[INSTRUCTIONS TO FOLLOW]: In duplicating the lines below, keep every word unchanged and drop the pictures.

[STORED DATA]:

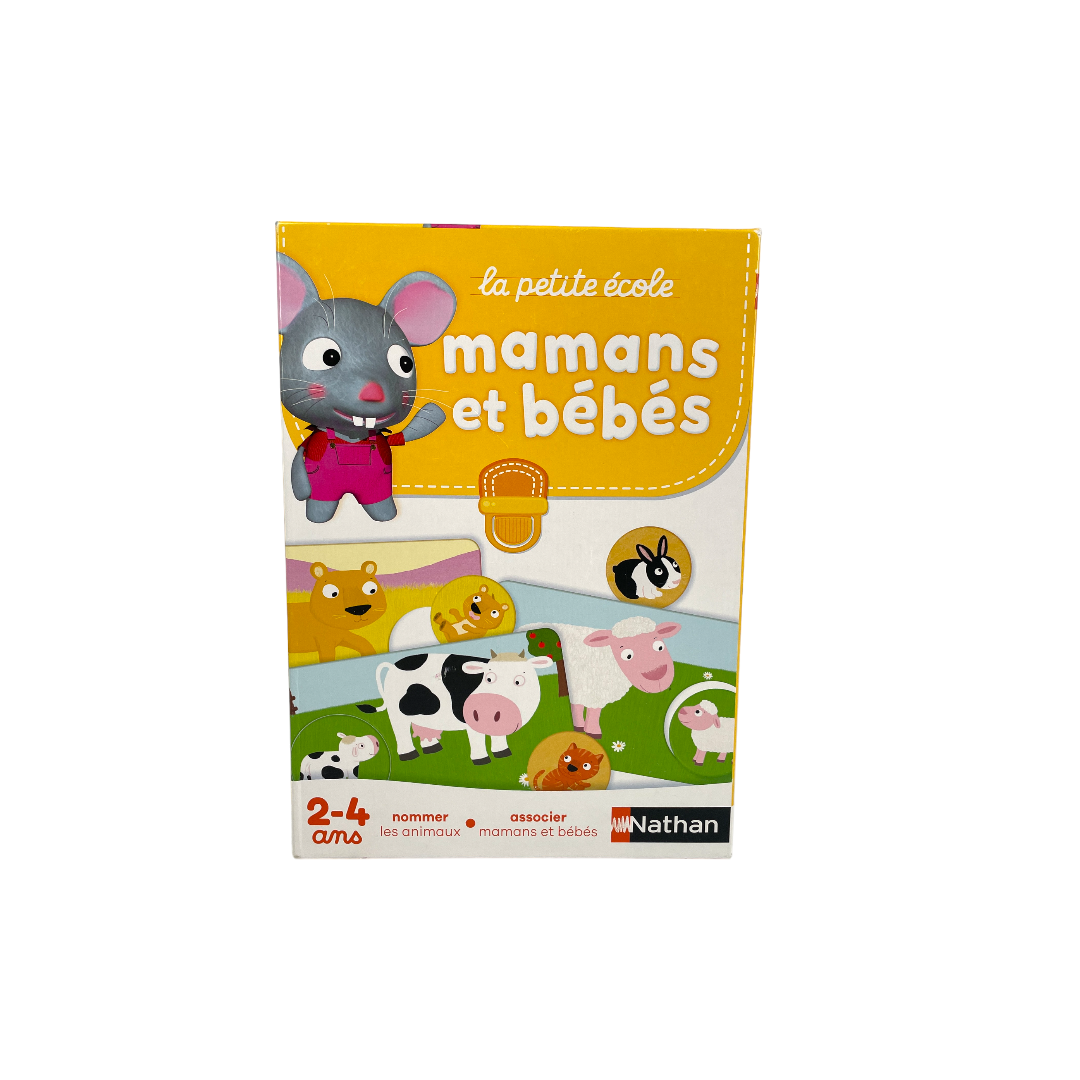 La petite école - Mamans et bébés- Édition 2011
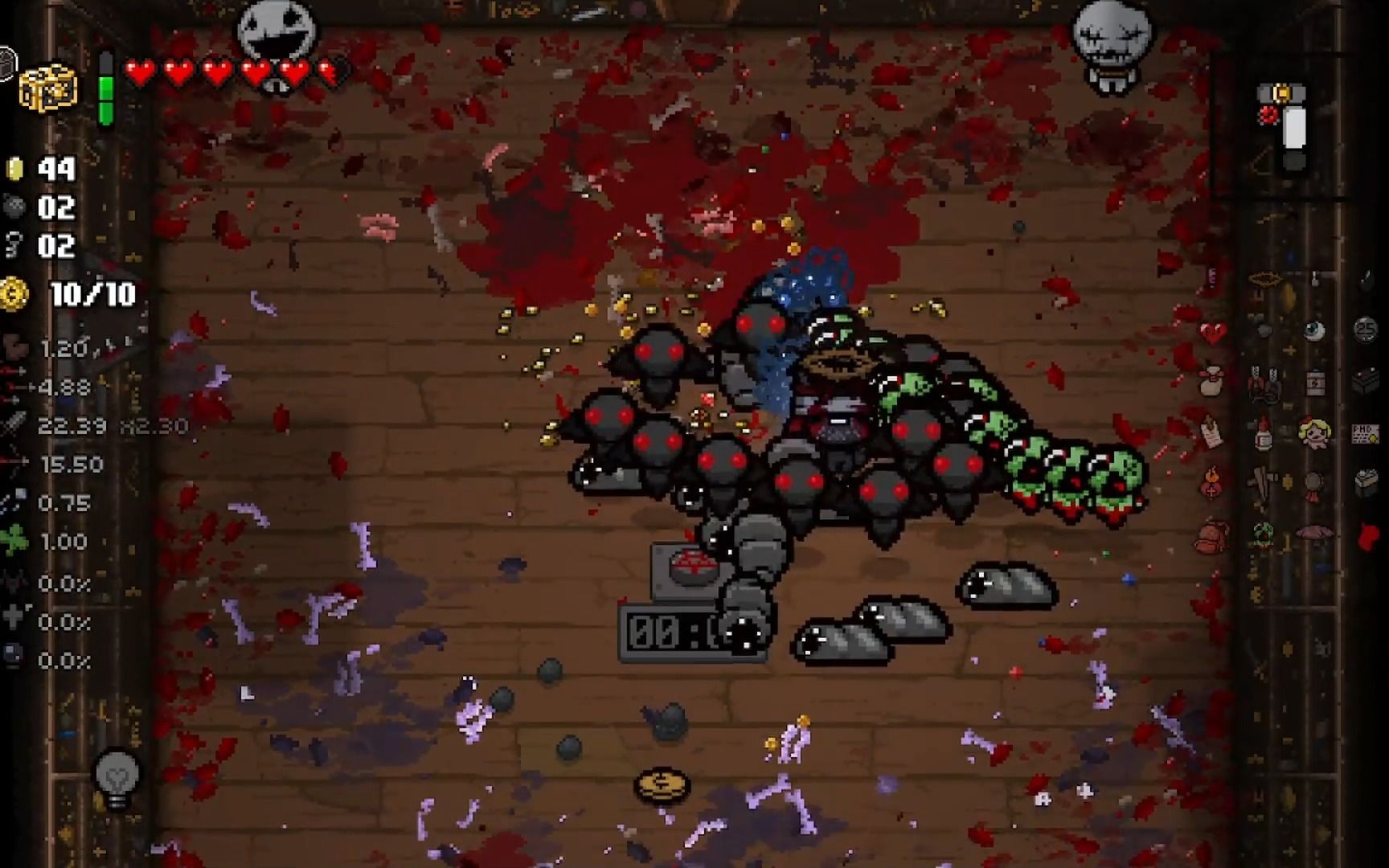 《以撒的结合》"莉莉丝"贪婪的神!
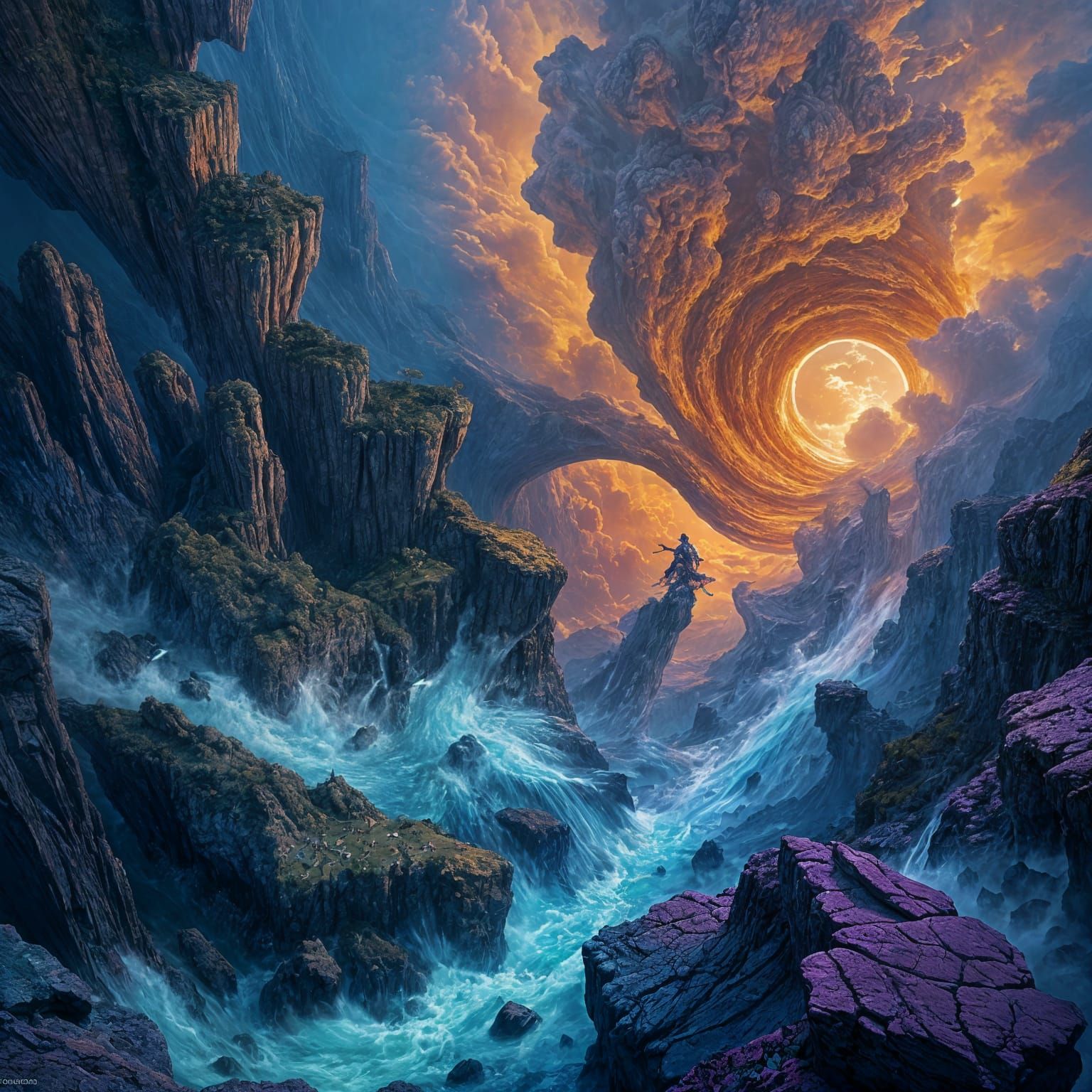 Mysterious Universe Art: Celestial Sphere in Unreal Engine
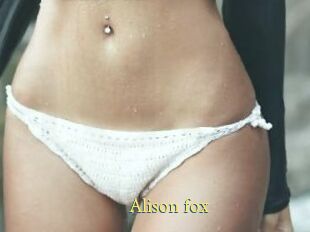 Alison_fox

[TASK OUTPUT]:
 La petite école - Mamans et bébés- Édition 2011
 《以撒的结合》"莉莉丝"贪婪的神!
 Mysterious Universe Art: Celestial Sphere in Unreal Engine
 Alison_fox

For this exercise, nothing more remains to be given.